* [SOURCE RECORDS]
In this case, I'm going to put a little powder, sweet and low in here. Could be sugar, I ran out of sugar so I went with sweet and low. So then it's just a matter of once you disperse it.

* * *

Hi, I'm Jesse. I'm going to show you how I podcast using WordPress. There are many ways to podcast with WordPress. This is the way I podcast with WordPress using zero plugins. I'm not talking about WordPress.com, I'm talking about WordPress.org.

* * *

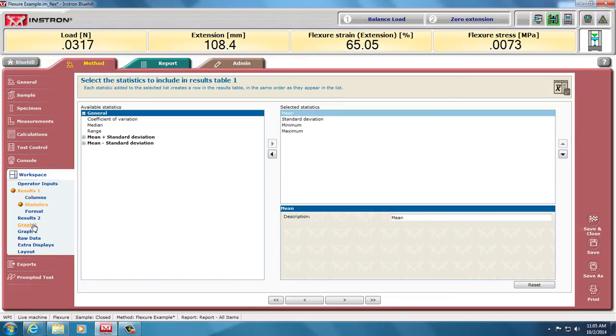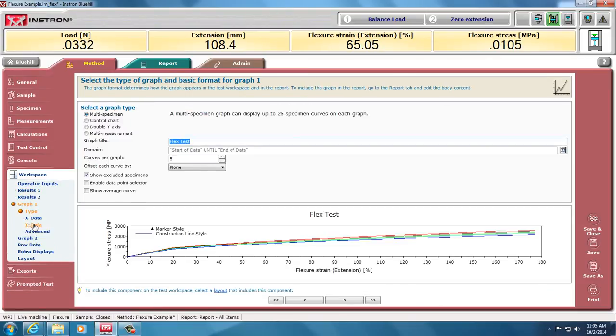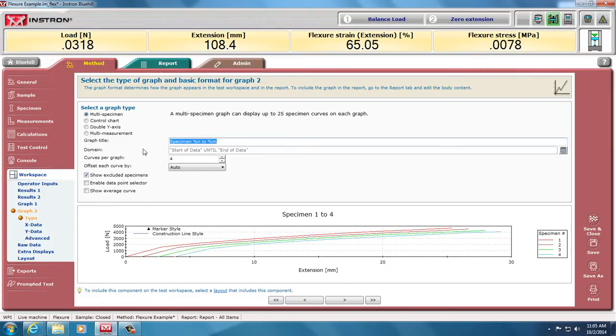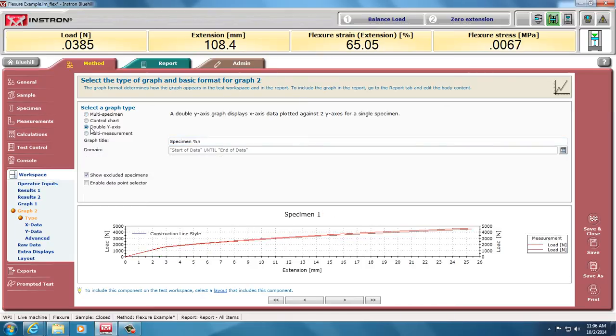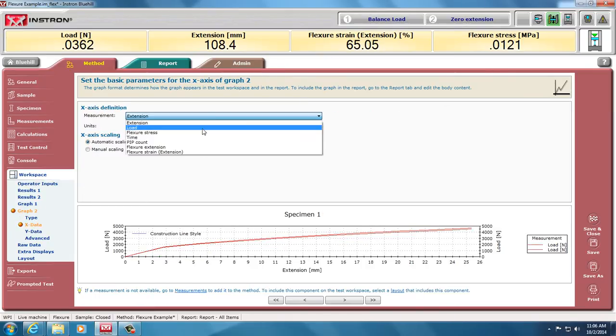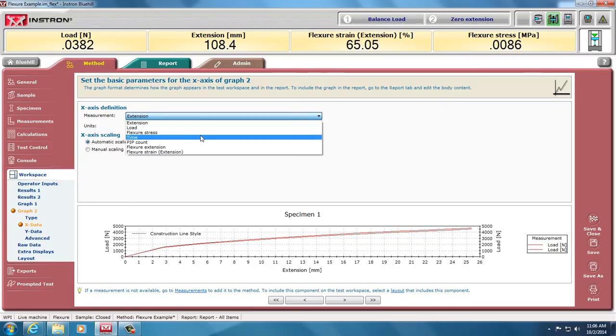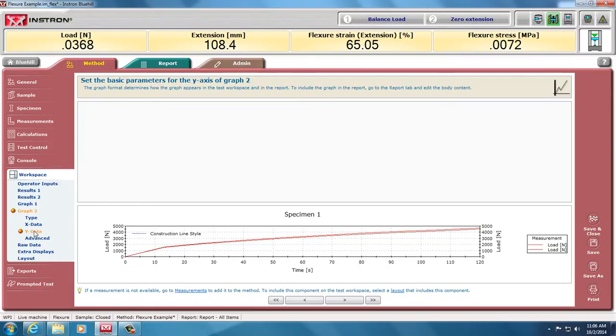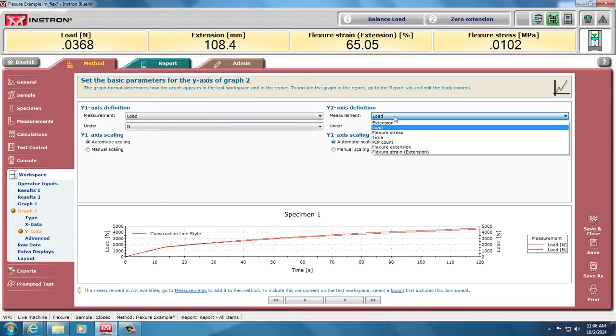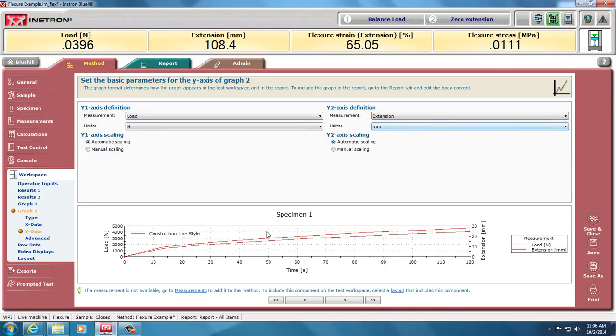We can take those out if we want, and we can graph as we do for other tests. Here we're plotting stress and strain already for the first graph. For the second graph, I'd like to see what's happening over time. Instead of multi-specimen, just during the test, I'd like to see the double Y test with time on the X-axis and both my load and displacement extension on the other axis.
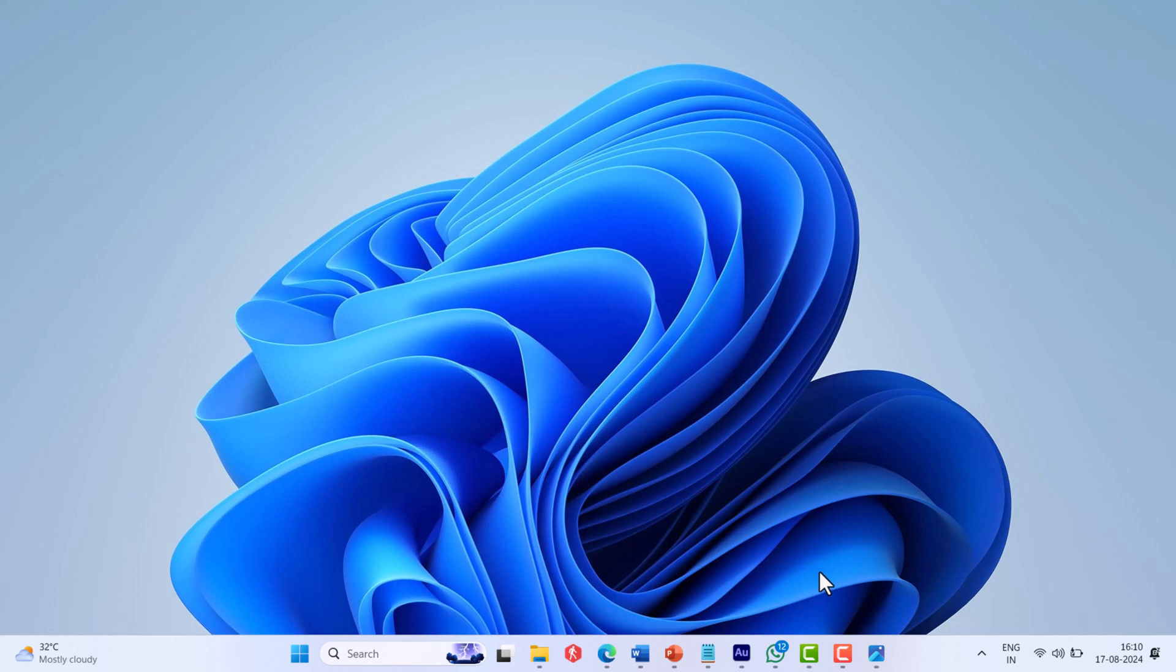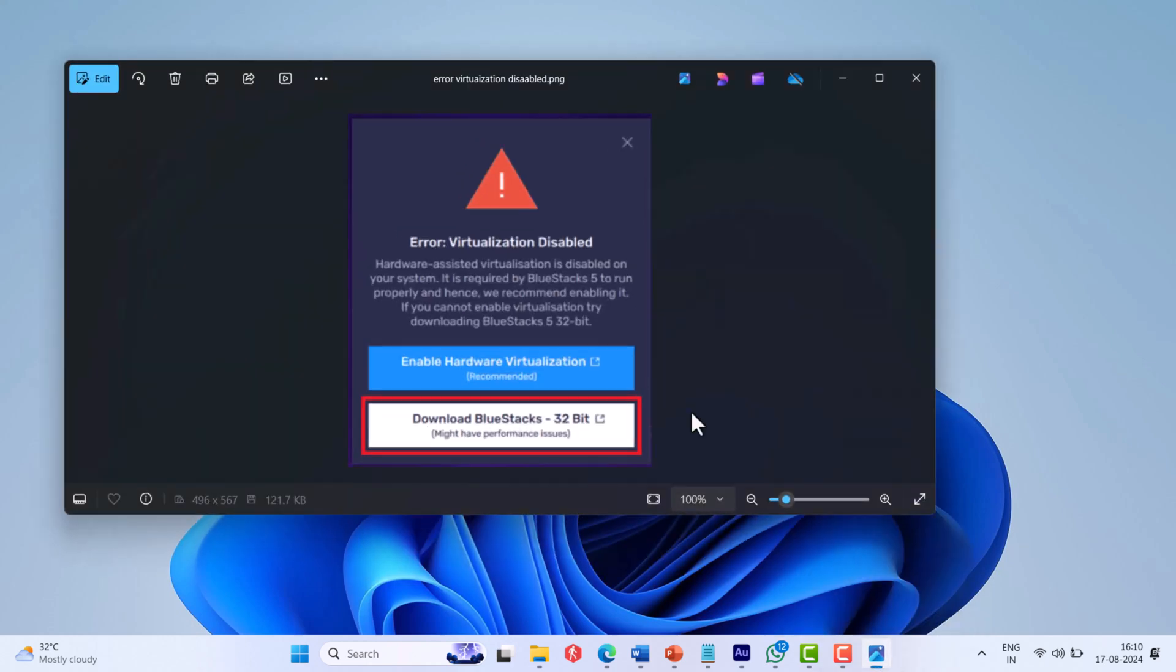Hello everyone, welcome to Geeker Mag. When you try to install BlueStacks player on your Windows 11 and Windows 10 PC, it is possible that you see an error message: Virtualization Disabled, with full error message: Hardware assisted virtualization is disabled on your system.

* [TASK OBJECTIVE]
Taking each line of the material above in turn, count those containing the string "going". State the number alone.

* [EXERCISE RESPONSE]
2